As we began our tour in the early afternoon, we were
silenced by the seemingly endless expanse of barbed wire surrounding the
compound and similarly unending row of “blocks” or barracks set up for the
prisoners. Many of the prisoners
initially brought to the infamous Auschwitz camp were Poles from around the region,
followed by Gypsies, Russian POWs, and then most famously hundreds of thousands
of European Jews.
Barbed wire surrounding Block 23 |
Although both Jennifer and I studied the history of the
Holocaust in an incredible class during our time at Marist, the expositions we
witnessed and the information we received were nothing less than harrowing. The truth of situations such as the events of
this genocide never lose their ability to shock and terrify individuals walking
through the sites as a student of history. The ceaseless question whispered by each of our group mates: who could ever be capable of such
atrocities?
The tour of the barracks and sleeping arrangements, the solitary confinement and
punishment wards, viewing the firing squad wall, touring the endless personal possessions stolen from the victims, and walking through the inhumane sanitary conditions were all individually
upsetting, but the moment that shook me most was walking into the Auschwitz gas chamber and crematorium with my youngest sister next to me.
While we walked we were asked to keep silent, but I don’t
think I could have spoken if it were necessary.
The idea of all of the innocent, dehumanized, tormented, and
horrified pairs of sisters (or pairs of brothers, mothers and their children,
and sometimes entire families) forced to walk through these same doors exactly
as we were, and not entirely too long ago, and knowing that they would never
live to see the light of day was a heavy burden to consider while simultaneously
reflecting on the catastrophic loss of these victims, their families, and their nations.
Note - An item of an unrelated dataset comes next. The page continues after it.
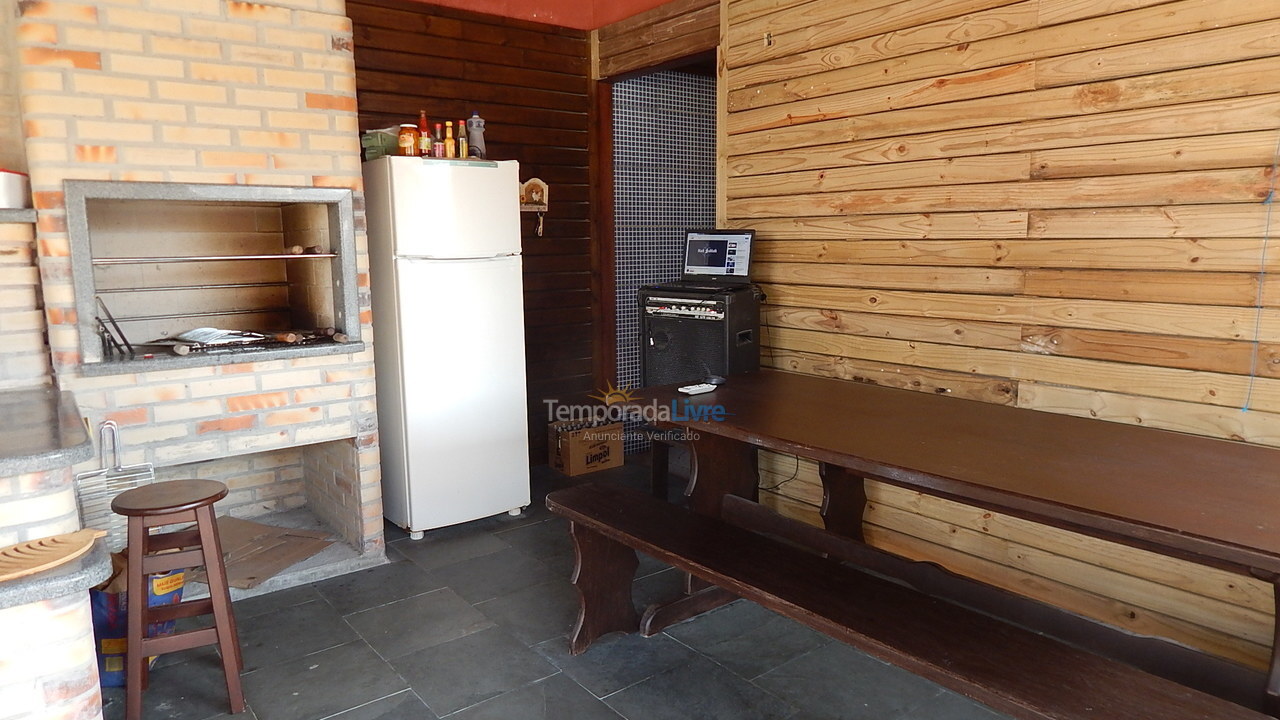 Apartment for vacation rental in Florianopolis (Praia dos Ingleses)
Horrific amounts of barbed wired surrounding the compounds |
What on earth could they have possibly said to comfort one another in these last moments as their impending doom lay in wait? Separated by sex, and then age, there would have been a high chance that if we were brought here as prisoners that this would have been exactly how we would have met our own fate. The endless rows of pictures of the sibling victims from the barracks were flooding my mind during the moments of walking through those horrifying walls.
Entering the gas chamber and crematorium |
The happenstance of our freedom and rights as women is something we have
constantly reflected upon during our travels, but during days when
such grievous atrocities are not only brought to light, but put in front of
your face, it is hard to move on without being put into a rather severe state
of deep, arguably depressing contemplation.
“We are alive. We are human, with good and bad in us. That's all we know for sure. We can't create a new species or a new world. That's been done. Now we have to live within those boundaries . What are our choices? We can despair and curse, and change nothing. We can choose evil like our enemies have done and create a world based on hate. Or we can try to make things better.”